Natura, autorappresentazione, desiderio nella videoarte femminista
Cinque pioniere (+ 1) della videoarte sono protagoniste di una mostra online. Un viaggio alla scoperta dell’autorappresentazione del corpo (e del desiderio) femminile
Nella storia dell’arte, la figura femminile è stata rappresentata dagli artisti (uomini) attraverso quello che oggi, grazie alla critica e intellettuale femminista Laura Mulvay, chiamiamo male gaze: uno sguardo maschile che subordinava l’immagine della donna al soddisfacimento del piacere visivo dell’uomo (eterosessuale, caucasico, di classe agiata). Il lungo processo di riappropriazione dell’immagine da parte delle donne, finalmente in grado di auto-rappresentarsi attraverso il proprio stesso sguardo, riuscirà ad emergere soltanto a partire dagli Anni Sessanta, attraverso le pratiche artistiche femministe. In questo percorso la videoarte svolge un ruolo fondamentale: le artiste che utilizzano questo mezzo sono profondamente consapevoli dell’oggettificazione del corpo femminile nelle immagini in movimento, nel cinema e nelle arti visive in generale. Ed è per questo che la videoarte è, tutt’oggi, uno dei mezzi espressivi a cui ricorrere se si vuole tracciare una storia dell’arte femminista. La mostra She-Wolves_erotism>love>body riesce nell’intento, riunendo alcuni esempi di opere video realizzate da artiste che, negli Anni Settanta e Ottanta, hanno esplorato la rappresentazione del corpo (e della sessualità) femminile.

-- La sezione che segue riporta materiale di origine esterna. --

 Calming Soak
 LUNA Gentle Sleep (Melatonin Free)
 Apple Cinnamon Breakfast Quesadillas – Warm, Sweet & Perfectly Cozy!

La mostra online sulla videoarte femminista
Curata dalla ricercatrice e storica dell’arte Laura Leuzzi, e visibile online presso la Re_Exhibit_ Rewind Online Gallery fino al 31 agosto, la rassegna riunisce le opere di cinque pioniere – Antonie Frank Grahamsdaughter, Bettina Gruber, Živa Kraus, Lydia Schouten e Maria Vedder – e un lavoro più recente che “eredita” il lascito delle sperimentazioni del secolo scorso, firmato dall’italiana Elisabetta Di Sopra. “Re_Exhibit_ Rewind Online Gallery”, spiega la curatrice, “nasce dalla volontà con Adam Lockhart – che dirige con me la galleria – di dare spazio a nuove ricerche e sperimentazioni curatoriali sulla videoarte cosiddetta ‘delle origini’, stimolando nuove commissioni e risposte all’archivio di ‘Rewind’ (che conserva oltre 500 opere di videoarte britannica) e a progetti come ‘EWVA’ e ‘Rewinditalia’ (sulla videoarte italiana) favorendo un dialogo intergenerazionale e l’apertura a nuovi temi e metodi. Siamo aperti a proposte e stiamo attualmente lavorando alla programmazione per le prossime stagioni”
L’analogia tra la donna e la lupa
Il percorso di visita prende il via con un lavoro giovanile dell’artista canadese-svedese Antonie Frank Grahamsdaughter, concepito mentre era studentessa alla Jan Van Eyck Academie di Maastricht. Realizzato nel 1986, il video Transit indaga la profonda connessione tra il corpo femminile e la natura: attraverso i movimenti del proprio corpo nudo, l’artista si allinea con quelli dei lupi che cacciano nei boschi. E in effetti, l’analogia tra la donna e la lupa è nevralgica in tutta l’esposizione, il cui concept prende ispirazione dal libro Donne che corrono coi lupi di Clarissa Pinkola Estès (1992): “lupi e donne sono affini per natura”, scrive la psicanalista statunitense nell’introduzione, “sono curiosi di sapere e possiedono grande forza e resistenza. Sono profondamente intuitivi e si occupano intensamente dei loro piccoli, del compagno, del gruppo. Sono esperti nell’arte di adattarsi a circostanze sempre mutevoli; sono fieramente gagliardi e molto coraggiosi”.
Il legame tra la natura e la femminilità
Al desiderio e alla sessualità femminile è dedicata la videoinstallazione The Lone Ranger Lost in the Jungle of Erotic Desire (1981) dell’olandese Lydia Schouten, che vede l’artista intenta a dipingere con il proprio corpo nudo ricoperto di vernice e poi, in ulteriori sequenze, suonare strumenti tribali, ballare, muoversi liberamente. Il viaggio di She-Wolves_erotism>love>body si conclude infine con Senza Tracce di Elisabetta Di Sopra, che nel 2023 si filma mentre cammina scalza nel deserto del Wadi Rum, in Giordania, cancellando le tracce dei propri passi. Così, la donna figura femminile diventa un archetipo, un personaggio sciamanico – “she-wolf” – che si fonde con la natura e che usa il proprio corpo come strumento per fare esperienza del mondo.